Tan irresponsable puede ser la inacción como la suplantación de la iniciativa ciudadana con medidas autoritarias. Y no siempre ambas conductas son antagónicas: el comportamiento de Rajoy, para no ir más lejos, oscila entre un tancredismo paralizante y una imposición nada democrática.
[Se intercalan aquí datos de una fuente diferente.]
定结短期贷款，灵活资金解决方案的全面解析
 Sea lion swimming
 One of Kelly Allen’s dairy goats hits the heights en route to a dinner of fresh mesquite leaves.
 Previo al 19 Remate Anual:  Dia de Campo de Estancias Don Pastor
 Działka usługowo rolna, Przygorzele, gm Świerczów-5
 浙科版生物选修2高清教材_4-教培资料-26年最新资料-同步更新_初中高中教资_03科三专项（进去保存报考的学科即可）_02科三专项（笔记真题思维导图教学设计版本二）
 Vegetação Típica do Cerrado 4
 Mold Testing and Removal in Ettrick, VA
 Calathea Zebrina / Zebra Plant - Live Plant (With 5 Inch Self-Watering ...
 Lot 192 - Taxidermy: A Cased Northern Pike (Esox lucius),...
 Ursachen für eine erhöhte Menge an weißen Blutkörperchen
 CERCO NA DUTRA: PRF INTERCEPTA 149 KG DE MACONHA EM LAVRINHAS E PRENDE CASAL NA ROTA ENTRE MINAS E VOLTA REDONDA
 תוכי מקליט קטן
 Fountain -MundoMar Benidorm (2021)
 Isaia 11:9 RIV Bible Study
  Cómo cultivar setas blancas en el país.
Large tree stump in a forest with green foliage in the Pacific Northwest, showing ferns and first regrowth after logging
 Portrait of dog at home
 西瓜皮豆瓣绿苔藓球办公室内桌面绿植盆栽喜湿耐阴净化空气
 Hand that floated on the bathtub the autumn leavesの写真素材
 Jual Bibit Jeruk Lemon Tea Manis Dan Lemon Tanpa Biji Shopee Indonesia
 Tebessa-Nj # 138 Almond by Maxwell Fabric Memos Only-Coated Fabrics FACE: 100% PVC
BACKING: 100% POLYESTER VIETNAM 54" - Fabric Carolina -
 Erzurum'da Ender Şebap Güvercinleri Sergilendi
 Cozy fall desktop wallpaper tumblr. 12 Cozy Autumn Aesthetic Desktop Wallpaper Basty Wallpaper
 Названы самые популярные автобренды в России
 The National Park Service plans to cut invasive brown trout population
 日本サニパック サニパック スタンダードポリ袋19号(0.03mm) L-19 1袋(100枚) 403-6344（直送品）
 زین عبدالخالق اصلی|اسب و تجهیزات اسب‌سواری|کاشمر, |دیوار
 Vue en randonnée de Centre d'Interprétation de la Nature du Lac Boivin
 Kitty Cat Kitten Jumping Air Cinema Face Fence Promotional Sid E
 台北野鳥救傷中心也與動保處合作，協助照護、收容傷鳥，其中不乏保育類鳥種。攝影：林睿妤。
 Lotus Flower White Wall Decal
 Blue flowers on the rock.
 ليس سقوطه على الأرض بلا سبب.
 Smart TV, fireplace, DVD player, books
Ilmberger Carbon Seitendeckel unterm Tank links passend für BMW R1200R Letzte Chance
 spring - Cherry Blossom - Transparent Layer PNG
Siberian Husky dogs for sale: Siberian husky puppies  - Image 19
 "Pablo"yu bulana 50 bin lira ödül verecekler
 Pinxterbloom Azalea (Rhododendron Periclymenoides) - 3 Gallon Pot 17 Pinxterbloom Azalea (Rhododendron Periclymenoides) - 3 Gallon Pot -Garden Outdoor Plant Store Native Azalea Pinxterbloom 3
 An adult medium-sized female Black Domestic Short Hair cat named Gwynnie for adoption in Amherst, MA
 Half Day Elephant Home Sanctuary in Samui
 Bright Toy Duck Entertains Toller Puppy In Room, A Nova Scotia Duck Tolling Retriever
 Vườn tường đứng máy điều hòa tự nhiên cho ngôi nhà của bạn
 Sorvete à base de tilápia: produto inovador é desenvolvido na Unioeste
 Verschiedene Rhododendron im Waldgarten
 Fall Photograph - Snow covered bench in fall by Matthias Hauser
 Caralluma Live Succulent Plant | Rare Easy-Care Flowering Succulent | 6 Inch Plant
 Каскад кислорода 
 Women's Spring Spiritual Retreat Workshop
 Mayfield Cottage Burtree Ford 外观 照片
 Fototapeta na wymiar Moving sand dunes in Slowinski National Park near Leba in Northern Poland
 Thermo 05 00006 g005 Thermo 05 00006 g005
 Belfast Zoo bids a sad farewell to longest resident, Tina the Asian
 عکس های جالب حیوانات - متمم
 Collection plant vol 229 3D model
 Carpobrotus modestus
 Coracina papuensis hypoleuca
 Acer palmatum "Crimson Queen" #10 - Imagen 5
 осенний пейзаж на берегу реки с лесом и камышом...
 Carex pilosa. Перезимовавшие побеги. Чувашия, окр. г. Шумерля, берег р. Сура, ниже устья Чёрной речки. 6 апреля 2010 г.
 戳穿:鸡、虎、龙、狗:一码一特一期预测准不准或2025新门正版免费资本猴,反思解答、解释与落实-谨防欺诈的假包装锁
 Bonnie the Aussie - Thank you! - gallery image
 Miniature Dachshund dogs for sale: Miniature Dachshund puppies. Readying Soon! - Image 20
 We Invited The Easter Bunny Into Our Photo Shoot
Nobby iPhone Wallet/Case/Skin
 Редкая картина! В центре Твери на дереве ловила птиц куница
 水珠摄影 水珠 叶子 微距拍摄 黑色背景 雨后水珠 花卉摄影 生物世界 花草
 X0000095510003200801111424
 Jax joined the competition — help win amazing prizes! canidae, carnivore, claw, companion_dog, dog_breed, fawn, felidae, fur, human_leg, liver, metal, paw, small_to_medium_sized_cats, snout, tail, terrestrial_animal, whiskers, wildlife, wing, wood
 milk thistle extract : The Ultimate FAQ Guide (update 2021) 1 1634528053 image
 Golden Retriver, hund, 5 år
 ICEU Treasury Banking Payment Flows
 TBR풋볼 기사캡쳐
Tan errónea puede ser la precipitación en la puesta en marcha de medidas, como la postergación sine die de éstas, una procrastinación muy habitual en el mundo adolescente. Recurrir a la opinión de la gente está bien como elemento de diálogo y participación, pero muy mal cuando de lo que se trata por parte del gobernante es rehuir el compromiso, echando balones fuera y adosando la responsabilidad de la actuación a “lo que diga la mayoría”.
¿Quién?
La autoridad pública, sin duda, pero sostenido por un competente argumento técnico, un sentido de la oportunidad y una consulta genuina, no impostada, a la ciudadanía. Los políticos están llamados a resolver problemas, no a crear otros nuevos, y a sopesar cuidadosamente la relación coste/beneficio de sus actuaciones. Nuestra Constitución doceañista emplazaba a los gobernantes a procurar la felicidad de la Nación; sin ser tan ambiciosos, deberíamos al menos exigirles que no aumenten el malestar y la infelicidad de los gobernados.
¿Cómo?
Sin adulteraciones ni sucedáneos. Sin una sociedad consciente de sus derechos y cumplidora con sus obligaciones, la democracia queda hueca de contenido. Los ciudadanos tienen que estar informados, han de ser protagonistas de la política y deben disponer de un nivel educativo adecuado.
¿Cuándo?
A lo largo de todo el proceso de la toma de decisiones. Estamos hartos de ser meros comparsas de “procesos participativos” que son una auténtica tomadura de pelo. Cuando se cocinan las medidas de antemano y se ofrecen al mero respaldo de las organizaciones para que emitan sugerencias y alegaciones, se está adulterando la acción política y convirtiendo a los agentes sociales en meros refrendatarios y convidados de piedra.
¿De qué manera?
Con la bien llamada inteligencia colaborativa. O sea, que la política, la ciudadanía, los técnicos de la Administración y el mundo académico trabajen en sintonía, cada uno aportando su saber hacer. Algo muy alejado de las prácticas habituales en la acción política de nuestro entorno, en el cual el cortoplacismo, el patriotismo de partido, el localismo y la rivalidad son tóxicas conductas.